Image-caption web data
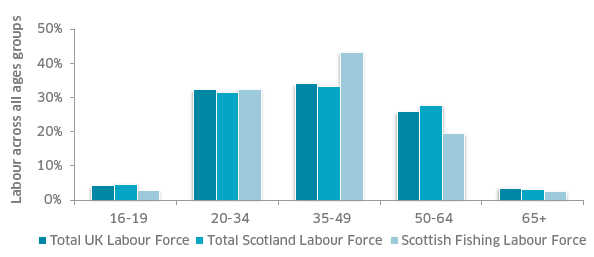 Figure 5: Age distribution of total UK and Scottish workforces with the sampled Scottish crew. Labour force data sourced from NOMIS (Office of National Statistics) 2015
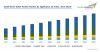 Photo for South Korea Water Purifier Market is forecast to surpass USD 4.3 billion by 2023 | TechSci Research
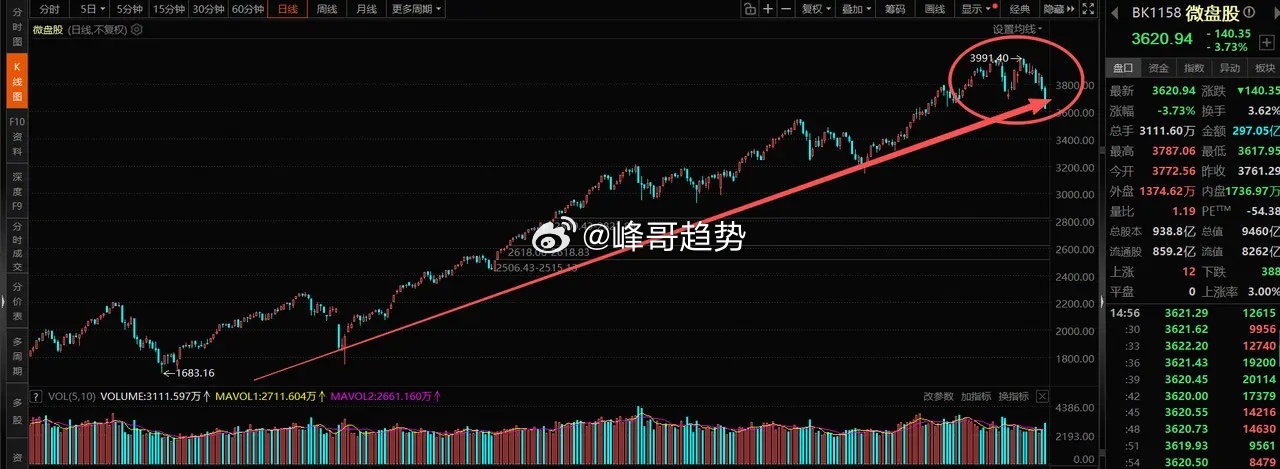 盘后，央行和证监会等五部门最新消息，事关金融法！大盘指数跌破4000点后，股民一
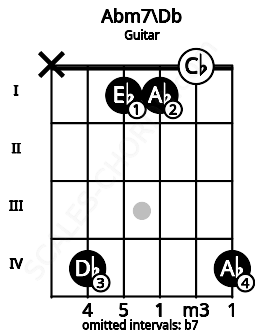 Fretboard image for the Abm7\Db chord on guitar frets: x 4 1 1 0 4
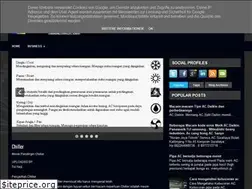 Sites similar to nuranijayateknik.blogspot.com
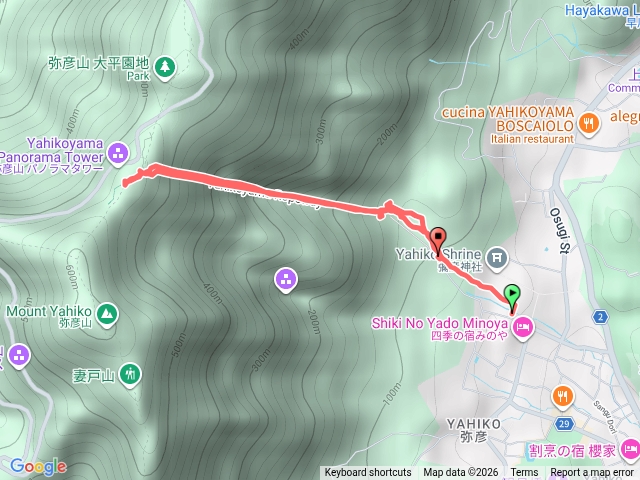 彌彥山登山步道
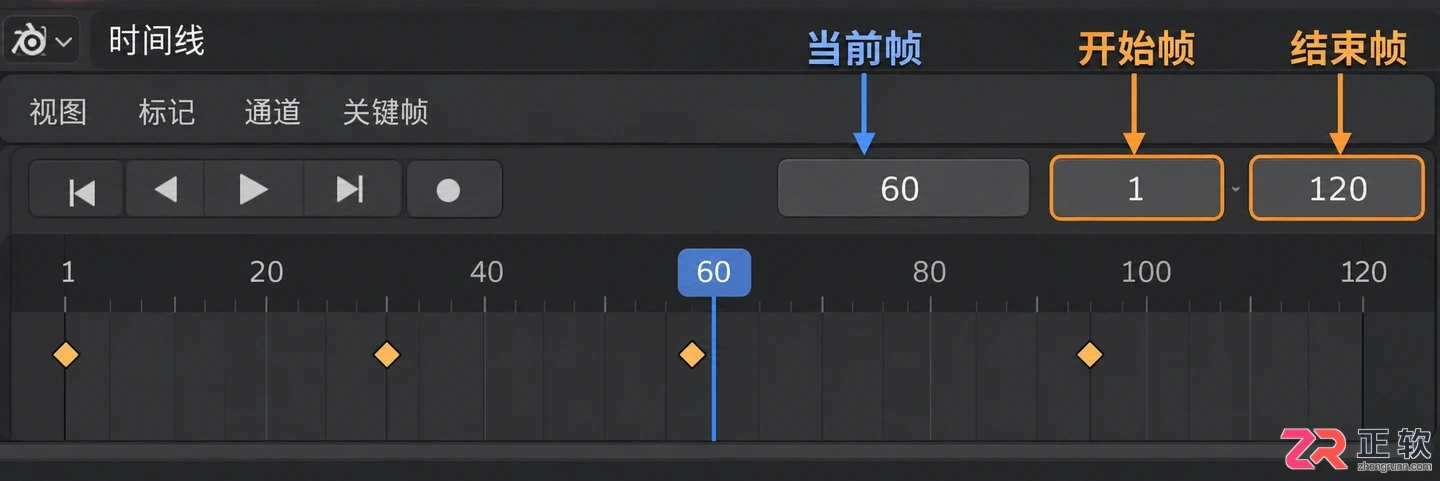 blender渲染动画怎么设置时间与帧数教程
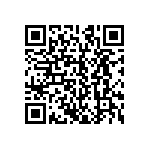 CRCW1210715KFKEAHP QRCode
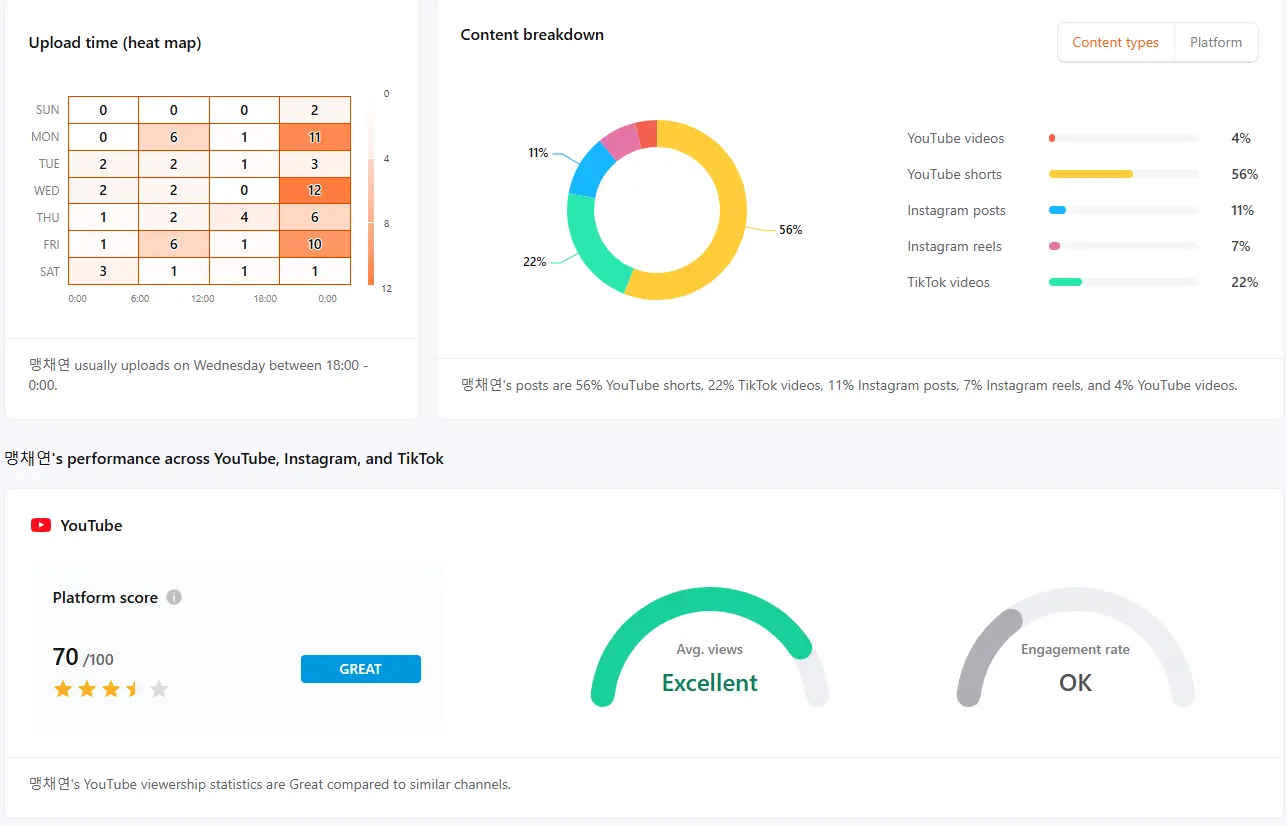 Screenshot 5 of CreatorDB - Influencer Marketing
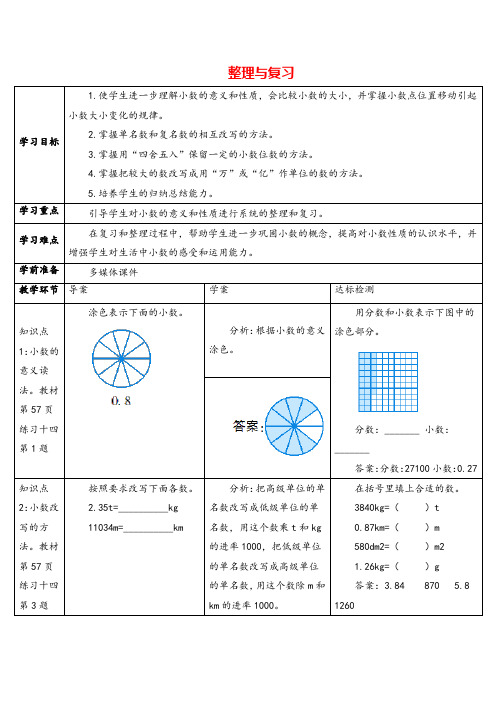 人教版数学四年级下册 第四单元整理与复习导学案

_TASK INSTRUCTIONS_
Copy out the entries exactly. No pictures.

_YOUR SOLUTION_
 Figure 5: Age distribution of total UK and Scottish workforces with the sampled Scottish crew. Labour force data sourced from NOMIS (Office of National Statistics) 2015
 Photo for South Korea Water Purifier Market is forecast to surpass USD 4.3 billion by 2023 | TechSci Research
 盘后，央行和证监会等五部门最新消息，事关金融法！大盘指数跌破4000点后，股民一
 Fretboard image for the Abm7\Db chord on guitar frets: x 4 1 1 0 4
 Sites similar to nuranijayateknik.blogspot.com
 彌彥山登山步道
 blender渲染动画怎么设置时间与帧数教程
 CRCW1210715KFKEAHP QRCode
 Screenshot 5 of CreatorDB - Influencer Marketing
 人教版数学四年级下册 第四单元整理与复习导学案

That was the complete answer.